The small decreases in tympanic temperature in the clinical cases may in part be due to the measurement error inherent in the tympanic membrane technique, but is also possibly due to the inadequate thermal exchange using a flow rate of 500 ml/min with water entering at 5°C. With the monkey weighing on the average of 8.9 kg, the brain having a weight of about 0.36 kg, and accepting a cerebral blood flow of 50 ml/100g/brain/min, the caloric interchange was adequate to achieve the decrease noted. However, with the human brain weighing at an average of 1,200 grams, the blood volume going into the brain is in the order of approximately 5–6 l/min, making the caloric gradients on the negative side when 500 ml/min perfusate at 5°C was employed. This writer is familiar with this problem in that he participated in experiments related to direct cooling of the spinal cords of Rhesus monkeys²  and found that a normal saline perfusate bathing the cord at a flow rate of 100 ml/min entering between 2° and 5°C was able to reduce intrinsic spinal cord temperatures to 10°C within 20 min. In the human spinal cord, because of its larger mass and vascularity, flow rates of 1.0 l/min with perfusate at 2.0°–5.0°C was needed to overcome the higher caloric gradient to reach 10°C in the spinal cord.

This writer feels that with the apparent demonstration of minimal side effects resulting from this technology, and the ability to lower brain temperature while keeping body core at or near normothermia, the authors should design and carry out another subhuman primate study that would determine the lowest temperature levels in brain, whichmight be achieved with this technique without impinging seriously on body core temperatures.

No mention was made as to the clinical background of the three patients treated with pharyngeal hypothermia. How long before pharyngeal cooling were the patients in the intensive care unit and what were their Glasgow Coma Scale levels?

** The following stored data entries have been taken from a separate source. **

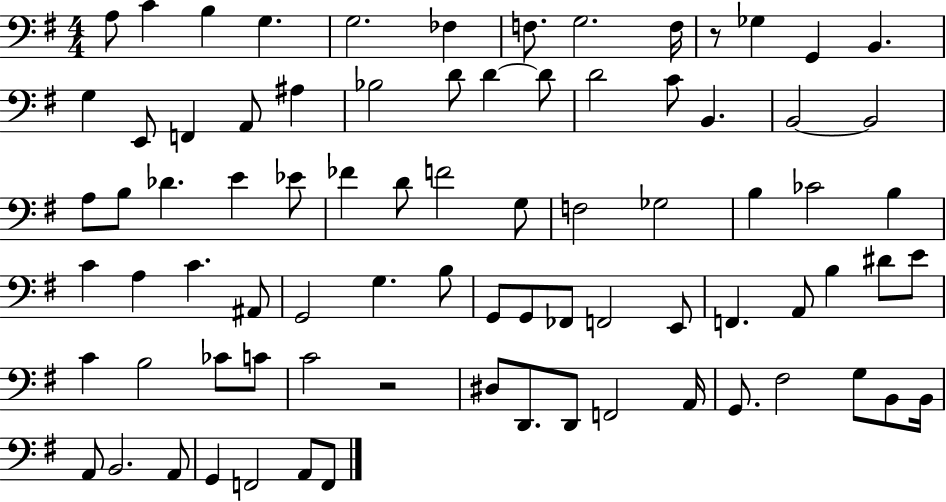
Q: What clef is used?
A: bass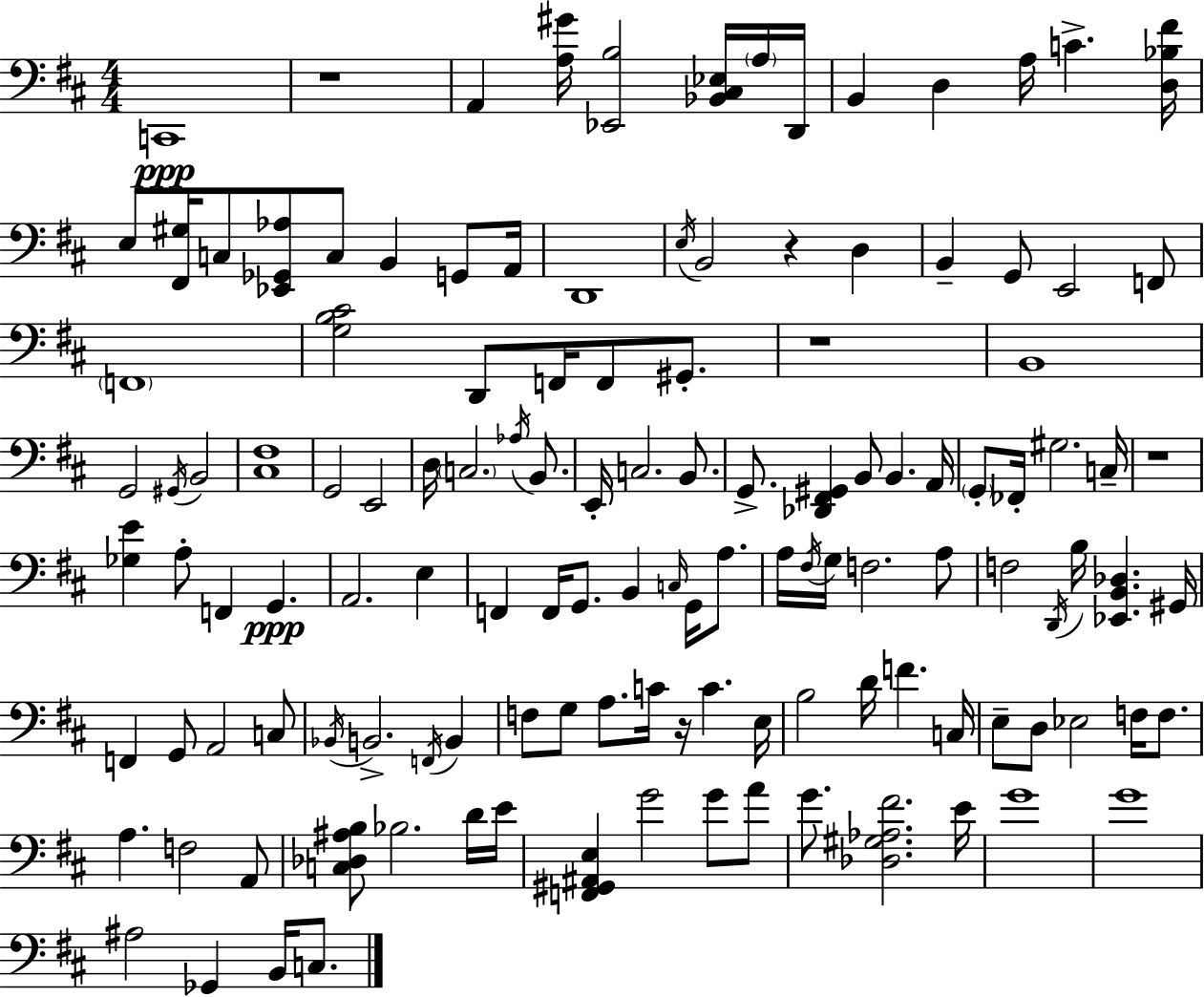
C2/w R/w A2/q [A3,G#4]/s [Eb2,B3]/h [Bb2,C#3,Eb3]/s A3/s D2/s B2/q D3/q A3/s C4/q. [D3,Bb3,F#4]/s E3/e [F#2,G#3]/s C3/e [Eb2,Gb2,Ab3]/e C3/e B2/q G2/e A2/s D2/w E3/s B2/h R/q D3/q B2/q G2/e E2/h F2/e F2/w [G3,B3,C#4]/h D2/e F2/s F2/e G#2/e. R/w B2/w G2/h G#2/s B2/h [C#3,F#3]/w G2/h E2/h D3/s C3/h. Ab3/s B2/e. E2/s C3/h. B2/e. G2/e. [Db2,F#2,G#2]/q B2/e B2/q. A2/s G2/e FES2/s G#3/h. C3/s R/w [Gb3,E4]/q A3/e F2/q G2/q. A2/h. E3/q F2/q F2/s G2/e. B2/q C3/s G2/s A3/e. A3/s F#3/s G3/s F3/h. A3/e F3/h D2/s B3/s [Eb2,B2,Db3]/q. G#2/s F2/q G2/e A2/h C3/e Bb2/s B2/h. F2/s B2/q F3/e G3/e A3/e. C4/s R/s C4/q. E3/s B3/h D4/s F4/q. C3/s E3/e D3/e Eb3/h F3/s F3/e. A3/q. F3/h A2/e [C3,Db3,A#3,B3]/e Bb3/h. D4/s E4/s [F2,G#2,A#2,E3]/q G4/h G4/e A4/e G4/e. [Db3,G#3,Ab3,F#4]/h. E4/s G4/w G4/w A#3/h Gb2/q B2/s C3/e.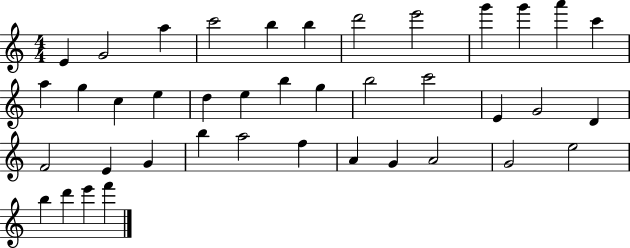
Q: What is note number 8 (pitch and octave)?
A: E6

A major concern with this article is the lack of thoroughness in the bibliographic review. The area of experimental and therapeutic hypothermia is indeed rich with extraordinary information waiting for the patient investigator to mine it. Interestingly, from a historic perspective, 47 yr ago, Brown et al.³  produced a striking brain-body temperature gradient in canines by naso-oral perfusion and head immersion using cold saline as the hypothermic medium. Within 20–38 min (median time, 32 min), intracerebral temperatures less than 20°C were reached with right atrial temperatures stabilizing between 30° and 33°C. Termination of perfusion allowed for rewarming of the brain from the warmer body core without eye injuries or neurological deficits.

In 1973, Albin et al.⁴  reported on differential brain cooling using cephalic immersion similar to the method reported by Brown et al. in six canines and five Rhesus monkeys. In both species, a brain target temperature of 30°–31°C was reached in less than 15 min, with the core temperature at or near normothermia. In two monkeys, cerebral blood flow was measured using Xe 133 injected through a catheter placed in the common carotid artery after ligation of the external carotid, with a marked decrease in cerebral blood flow occurring from preperfusion levels on reaching 30°C in brain. No behavioral or neurological deficits were noted in these two monkeys after 6 weeks of observation.

Another more recent publication not cited in the report of Takeda et al., was published in 2011 by Abu-Chebl et al.⁵  in which they described yet another technique to produce pharyngeal and brain cooling. They achieved this by the insertion of nasal catheters that spray a perfluorocarbon-oxygen mixture into the nasopharynx to achieve cooling. This technique was used in a safety and feasibility study of intubated brain-injured patients for whom temperature reduction was indicated. The aim of reducing core temperatures by 1.0°C within 1 h was met in 14 of the 15 cases, with hypertension occurring in one patient leading to discontinuation of therapy. The authors noted that there were no nasal complications with this modality.

This writer is forced to add that in spite of the very sophisticated information technology we have today, science did exist earlier than the 21st century. Winston Churchill once noted, “The farther backward you can look, the farther forward you are likely to see.”